> Opting out would just mean all your missing data alerts fire every time Datado...

palijer · on March 8, 2023

>knowing alerts are down, you can actively monitor using other tools/reporting for the duration of their incident.

If you just want notifications for when datadog is down, their StatusPage does a fine job of clearly communicating incidents.

I wouldn't want to rely on a "when multiple of our 'missing business metric' monitors alert, check and see if datadog is down" step in a runbook. I don't like false alerts. I don't like paging folks about false alerts. Waking up an oncall dev at 2am saying all of production is down when it is just datadog is bad for morale. Alert fatigue is a real and measurable issue with consequences. Avoiding false alerts is good. If the notification says "all of production is down" and that isn't the case, there is impact for that. I'd much prefer having a StatusPage alert at a lower severity and communication level say "datadog ingestion is down".
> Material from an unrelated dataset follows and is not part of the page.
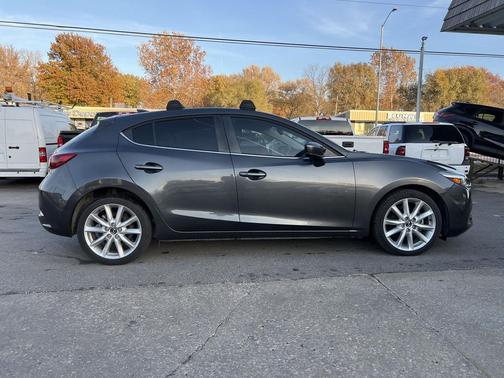2017 Mazda Mazda3 Grand Touring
Instead, use their StatusPage notifications and then execute your plan from that notification, not all of your alerts firing.

>And why would you have no logs?

I mean Datadog logs/metrics etc. Currently, we are missing everything from them. We can still ssh into things etc, they aren't gone, but from the Datadog monitor's view in this scenario, they stopped seeing logs/metrics and would alert if Datadog didn't automatically mute them.

>why would you communicate to your customers without any idea of the scope or cause of the issue?

We prioritize Time To Communicate as a metric. When we notice and issue in production, we want customers to find out from us that we are investigating instead of troubleshooting and encountering the issue themselves, getting mad, and clogging up our support resources. Flaky alerts here don't work at all for us.